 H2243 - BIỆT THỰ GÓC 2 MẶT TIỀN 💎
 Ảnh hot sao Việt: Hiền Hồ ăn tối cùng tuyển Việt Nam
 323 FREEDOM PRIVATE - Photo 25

══════════

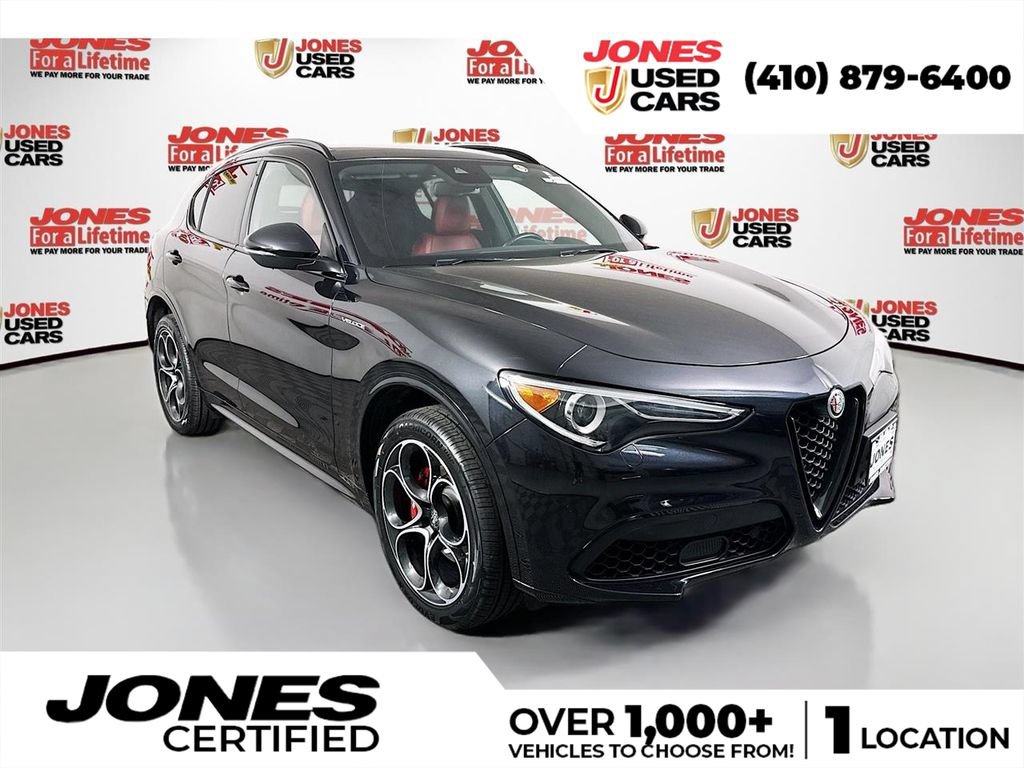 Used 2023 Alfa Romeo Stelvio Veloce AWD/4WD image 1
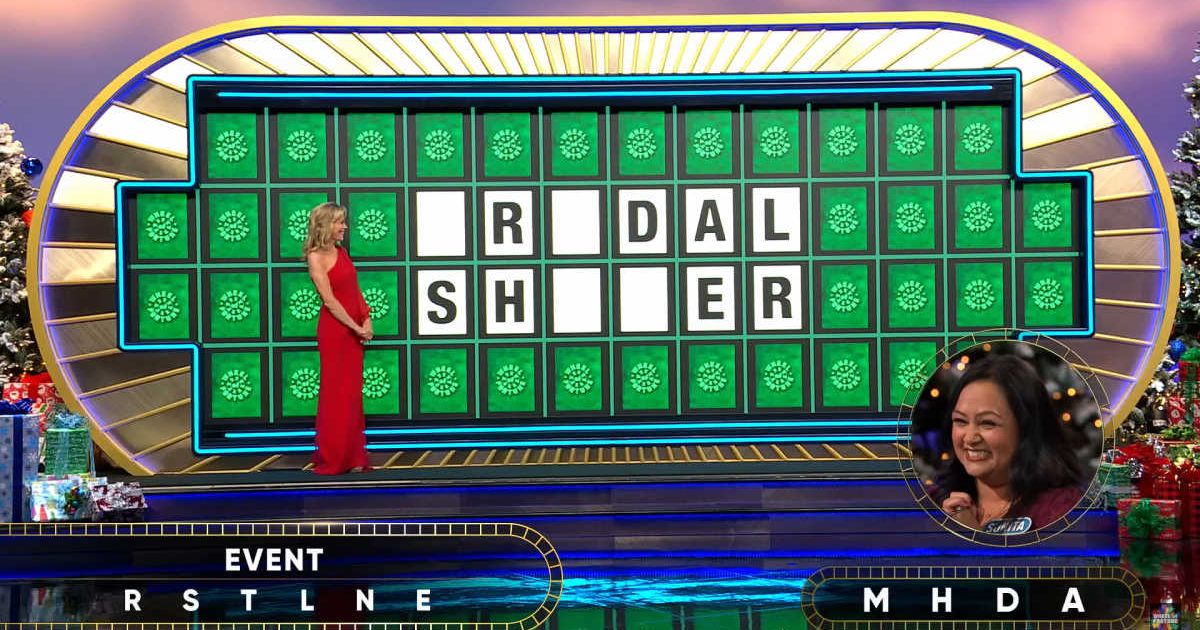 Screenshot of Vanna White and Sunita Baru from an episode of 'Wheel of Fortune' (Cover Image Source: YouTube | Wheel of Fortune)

══════════

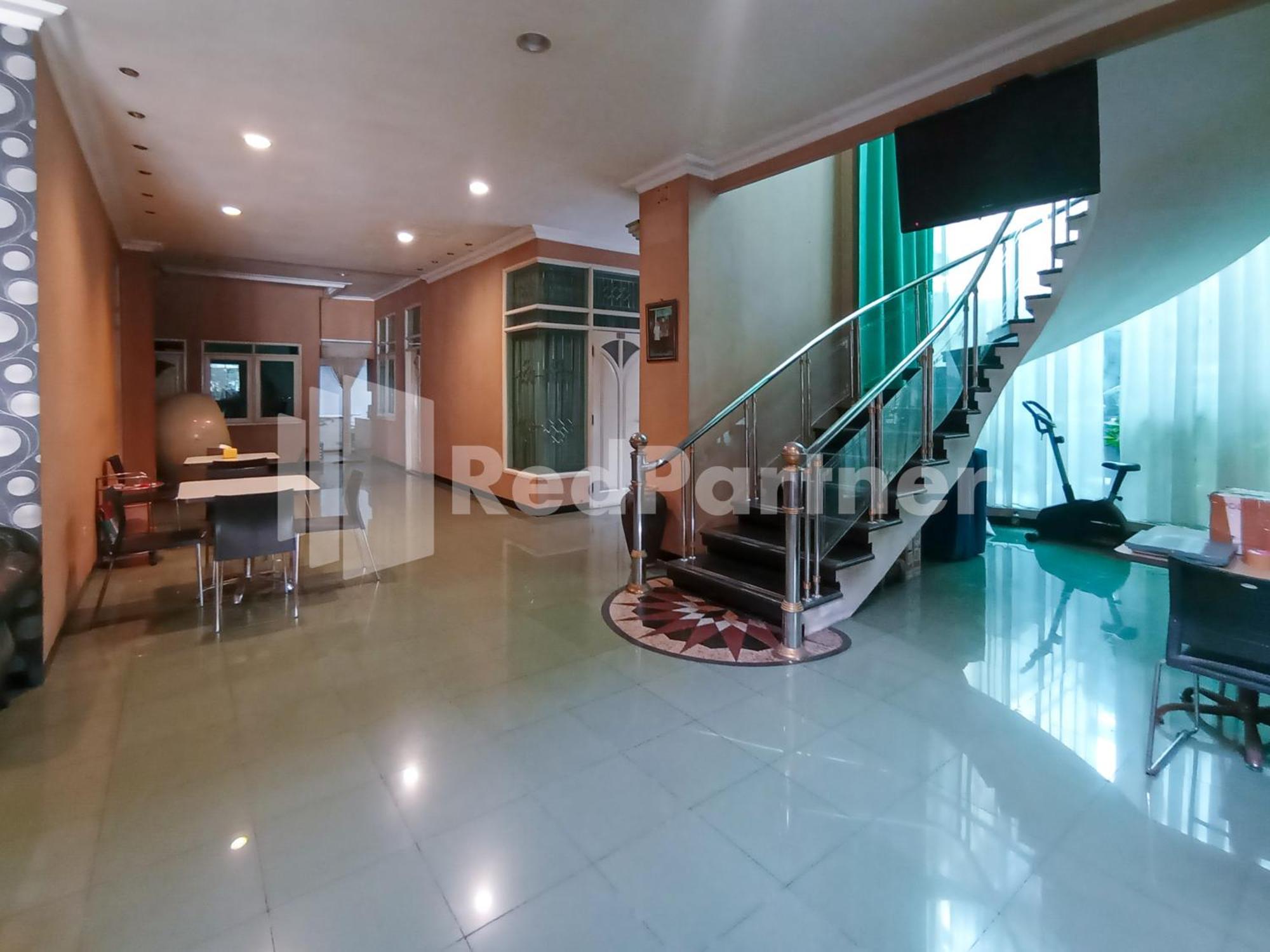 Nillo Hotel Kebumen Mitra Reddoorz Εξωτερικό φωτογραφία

══════════

**The problem**
Using the entries above, extract exactly the span from the line with "H2243 - BIỆT THỰ GÓC 2 MẶT TIỀN 💎" to the line with "323 FREEDOM PRIVATE - Photo 25", both lines included; leave out everything else.

**Written response**
 H2243 - BIỆT THỰ GÓC 2 MẶT TIỀN 💎
 Ảnh hot sao Việt: Hiền Hồ ăn tối cùng tuyển Việt Nam
 323 FREEDOM PRIVATE - Photo 25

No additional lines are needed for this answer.